Jab

The jab is the most frequently thrown punch in boxing. Because it isn’t a “power” shot there is less involvement of the body than you would expect from the other punches. The result of this is a faster, less telegraphed delivery.

Please Note: I’m a southpaw (left handed) so if you write or throw a ball with your right hand stand with your dominant hand (right) to the rear and left foot forwards

Although there are a whole range of subtly different jabs that can be thrown it is traditionally used as a point-scoring/range finding/set-up punch. The techniques described here are only to be used as a base guideline and not as the only way to throw a jab because predictability, as well as being boring, can be detrimental to your chances of success in a competitive environment.

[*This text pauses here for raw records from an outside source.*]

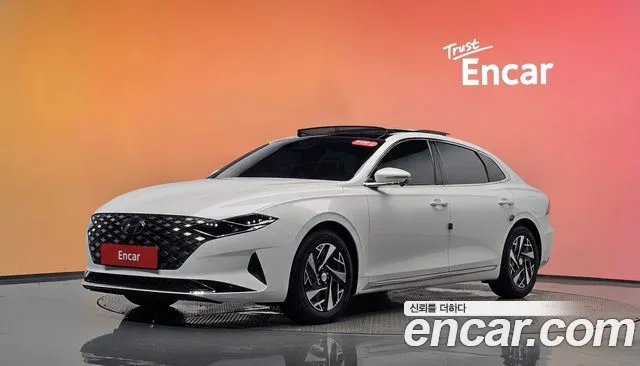 Hyundai Grandeur 2022 — фото 1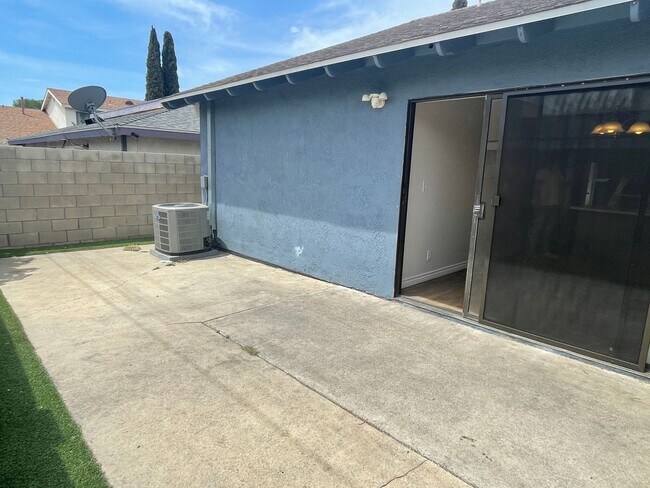 Building Photo - Lovely 2 bed, 2 bath Duplex Home in Orange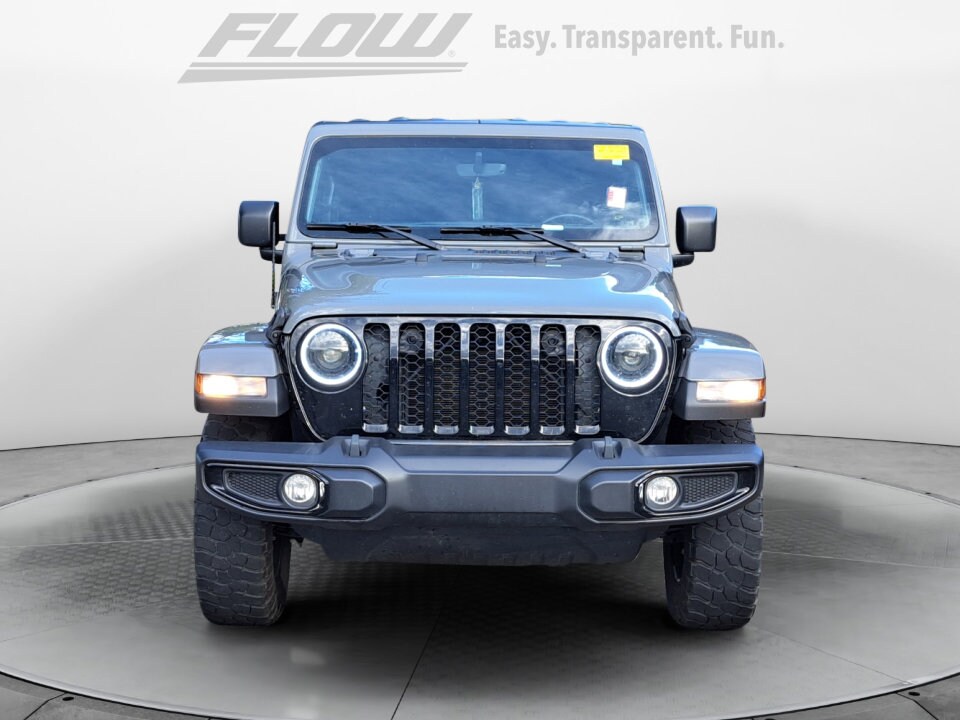 2021 Jeep Gladiator Willys photo 2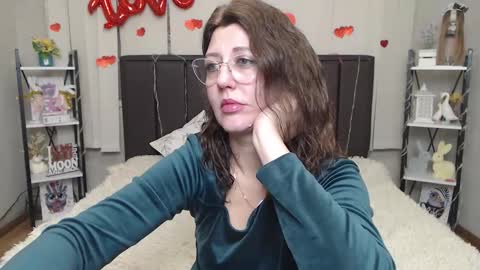 RoseHille online show from March 21, 8:41 am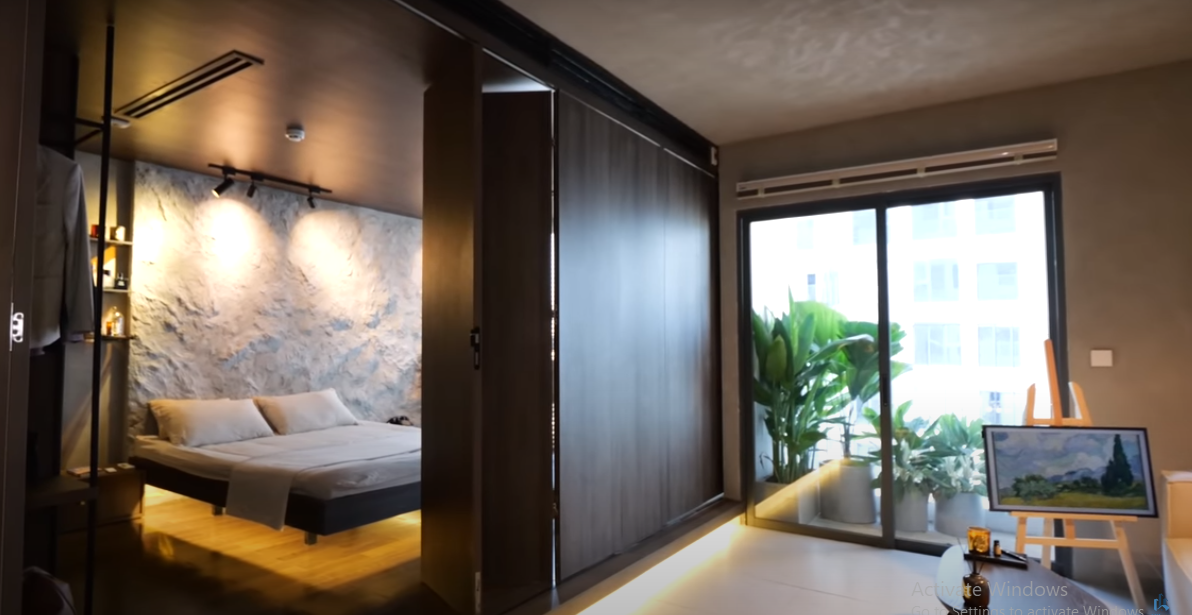 Phòng ngủ được ngăn cách với không gian sinh hoạt chung bằng hệ thống cửa trượt.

Because the jab has less distance to travel (being a straight punch thrown by the lead hand) it has a higher chance of success, provided it isn’t telegraphed (made obvious by exaggerated movements). The general idea is to deliver the punch, trombone-like, in a dead straight line from your defensive guard to the target and back again quickly to that initial position. Keeping the elbow of the punching hand as vertical as possible (pointing to the floor) will ensure that telegraphing is kept to a minimum. The palm of the hand should face the floor on contact to ensure correct wrist position which helps reduce injuries to this part of the body or any loss of power to the punch.

  • Simultaneously tense your core and exhale sharply through your nose whilst throwing the punch, this will help improve speed and power.
  • From your defensive guard throw the punch using arm “snap” (a sharp, quickly thrown, non-loopy action) with the initial movement being directly at the target.
  • Your glove shouldn’t deviate from its direct route to the target at all (as mentioned earlier there are different jabs which have exceptions to this, but for beginners this is sound advice).
  • Turn your glove over so your palm is facing the floor to brace the wrist on contact.
  • Extra power (if necessary) can be generated by involving a slight twist of the torso or by stepping forwards into the punch, bearing in mind that either of these motions will increase telegraphing, therefore reducing its chances of success.
  • Immediately after contact retract the glove to its starting position as quickly as possible almost as if the target is made of molten lava!

The jab is a mid-to-long-range weapon and when successfully landed can occupy your opponents mind enough to allow other more powerful punches to be have success when thrown in a combination (a number of punches linked together).

Practise your jab in a mirror and focus on minimising any loading-up or telegraphing and ensuring your glove travels in a dead-straight line returning to a solid defensive guard as fast as possible. A mirror is one of the most valuable pieces of boxing equipment you can utilise.